RALEIGH, N.C. (AP) — An advocacy group that sued over redistricting lines in North Carolina told state Supreme Court justices Monday that previous rulings that blocked legislative and congressional district maps as illegal partisan gerrymanders should be left intact.
Common Cause filed a response to Republican General Assembly leaders' request earlier this month that the state's highest court rehear redistricting lawsuits.
In December, when a majority of the seven justices were registered Democrats, the court struck down a state Senate map the legislature drew and upheld congressional boundaries drawn by trial judges but opposed by Republicans. The rulings stemmed from a similar 4-3 decision in February 2022 that declared GOP legislators violated the state constitution by approving lines that deprived Democrats of voting power substantially equal to their support in the state.

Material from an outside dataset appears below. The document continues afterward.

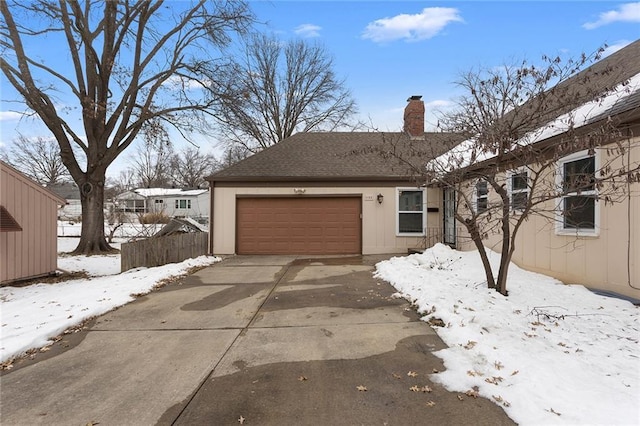 view of front of home with fence, roof with shingles, concrete driveway, an attached garage, and a chimney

Republican legislators argue no such contingency is found in the constitution. With the GOP winning November judicial elections and achieving a majority on the court, Republican legislators asked the court to reconsider those decisions.

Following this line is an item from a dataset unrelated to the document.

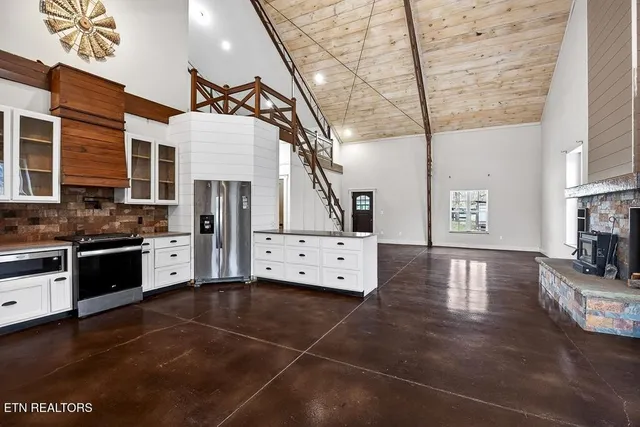 a room with cabinets and flat screen tv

Hilary Klein, an attorney for Common Cause, wrote that the rehearing petition is “frivolous." She referred specifically to House Speaker Tim Moore's public statement that another look at the cases was needed because the “people of North Carolina sent a message election day” to reject the ruling of the "outgoing (judicial) majority.”

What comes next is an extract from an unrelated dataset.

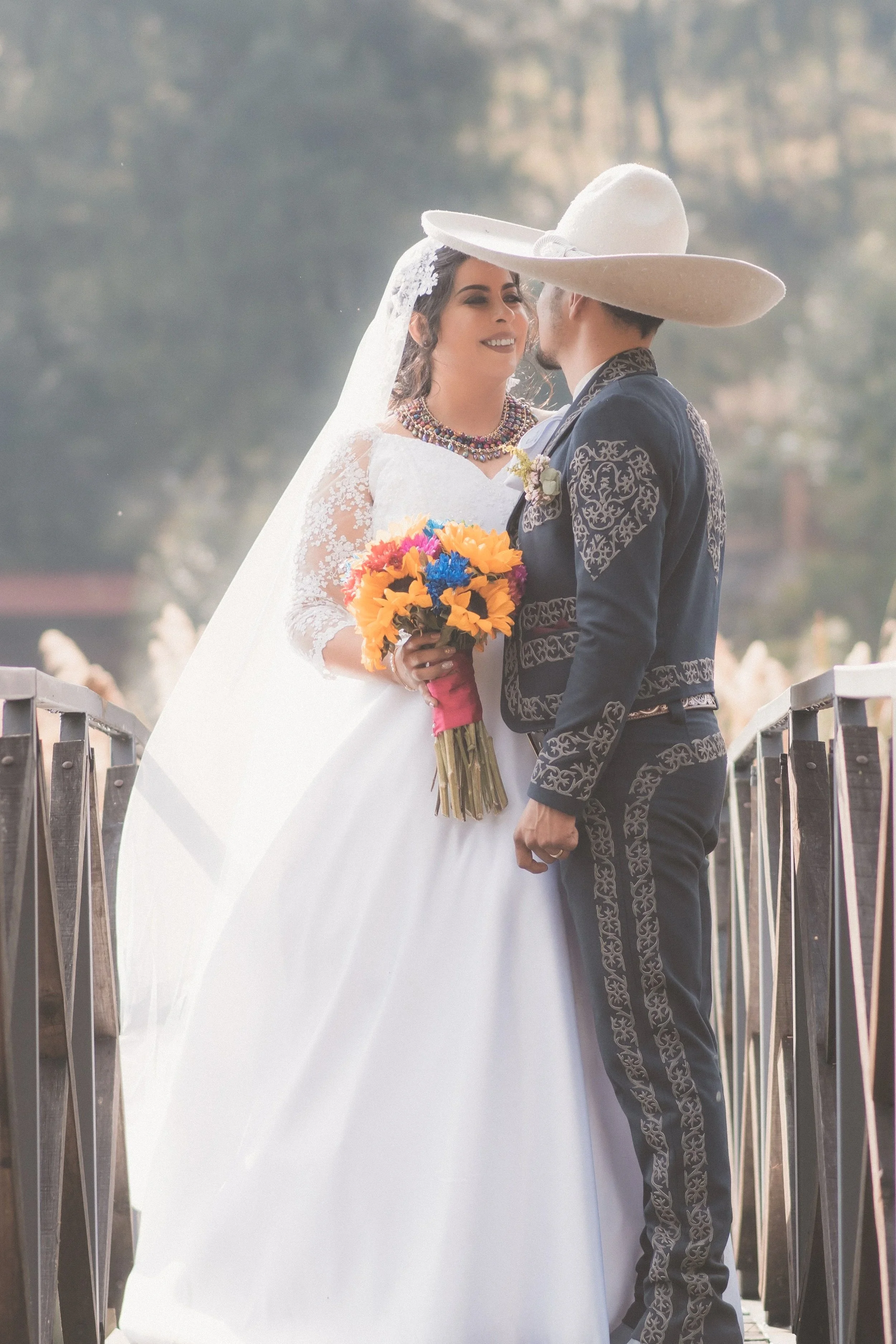 A bride and groom in traditional Mexican attire sharing a moment outdoors, with the bride holding a colorful bouquet and the groom wearing a large sombrero.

The petition “is therefore motivated by improper purpose and grossly lacking in the requirements of propriety,” Klein wrote.
Common Cause was one of many plaintiffs in the redistricting lawsuits.
Moore and Senate leader Phil Berger also have separately asked for a rehearing of another Supreme Court decision last month that invalidated a 2018 law requiring photo identification to vote. The GOP leaders contend the proper legal standard was not applied.